Warning
I've stopped maintaining this project !
Performant Protocol Buffer based data snapshotting mechanism ⚡️
We had a few database tables, each with >=10M entries and required to take snapshot of whole database into a file so that whole DB can be restored later from that single file.
I'm creating this POC to determine which way I should go for solving aforementioned problem.
-
I thought of starting with generating dummy random data and serializing them into JSON, which are eventually getting persisted into sink file, sequentially. But as you have already guessed, problems we'll face
- Extremely large snapshot size
- Very time consuming operation
- Too much memory consumption
Due to all these, this approach is probably going to fail when solving actual problem. Only good thing, JSON snapshot is human readable. 🙂
- So, I decided to serialize data into binary format using Protocol Buffer. But immediate problem I faced how to process such a large data set with out putting all of them into memory at a time i.e. I need to use stream processing.
Another issue, protocol buffers don't have any mechanism to denote ending of self in a byte array. So I decided to first put size of protocol buffer serialized byte array inside 4 bytes space and then actual proto serialized data. That'll be helpful while reading data back from file. 🤯
func protoSerialize(fd io.Writer, data []byte) {
// Store size of message ( in bytes ), in a byte array first
// then that's to be written on file handle
buf := make([]byte, 4)
binary.LittleEndian.PutUint32(buf, uint32(len(data)))

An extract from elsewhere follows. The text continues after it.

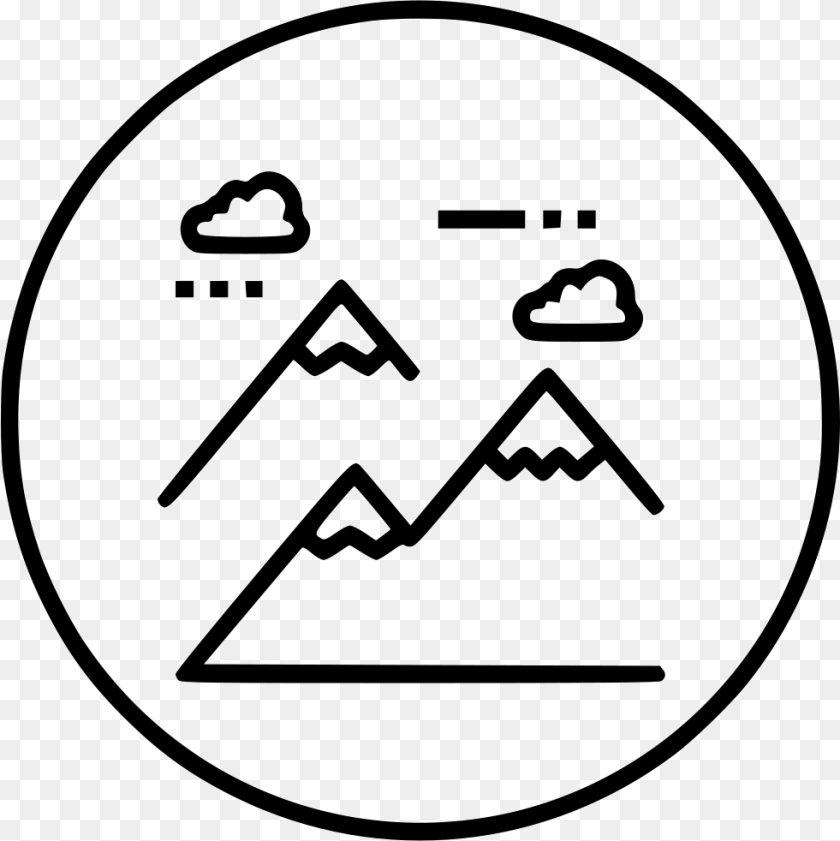 981x982 Mountain Climbing Nature Landscape Hill Station Tracking Hill Station Line Art, Triangle, Symbol, Sign PNG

// first write size of proto message in 4 byte space
if _, err := fd.Write(buf); err != nil {
log.Printf("[!] Error : %s\n", err.Error())
return
}
// then write actual message
if _, err := fd.Write(data); err != nil {
log.Printf("[!] Error : %s\n", err.Error())
return
}
}
Now we've a mechanism to effieciently encode and decode large dataset using protocol buffer.
I've written a function to sequentially serialize randomly generated protocol buffer data and put them in a file while first putting length of data and then actual data.

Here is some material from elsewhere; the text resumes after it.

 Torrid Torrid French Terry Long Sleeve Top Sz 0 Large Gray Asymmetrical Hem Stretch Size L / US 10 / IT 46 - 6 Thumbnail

But as you've already guessed, this time problem was very slow processing. I attempted to introduce concurrency in this process
- Created worker pool of size = #-of CPUs in machine
- Each worker generated randomly created protocol buffer struct & serialized message into byte array
- Workers sent that byte array to writer go routine, via go channel
- Writer go routine attempts to write to file as soon as it receives data over channel
And as a result of this I just got ~680% 🚀 performance improvement, in running time of program.
I generated 1M similar entries, serialized them into protocol buffer ( with a synthetic delay of 1μs ) and wrote them into target files data_seq.bin
& data_con.bin
, for sequential & concurrent processing respectively.
After checking their sha256 hash, I was sure both serial & concurrent versions were working correctly.
- Now I need to deserialize data from file, for that I'm simply using plain old sequential way,
- I read 4 bytes of chunk from file.
- Then decode it to
uint32
, which gives me what's next chunk size, to be read. - I read next data chunk of 👆 size, which is protocol buffer encoded data of our interest.
- Deserialize it into structured format.
I keep following above flow until EOF is hit.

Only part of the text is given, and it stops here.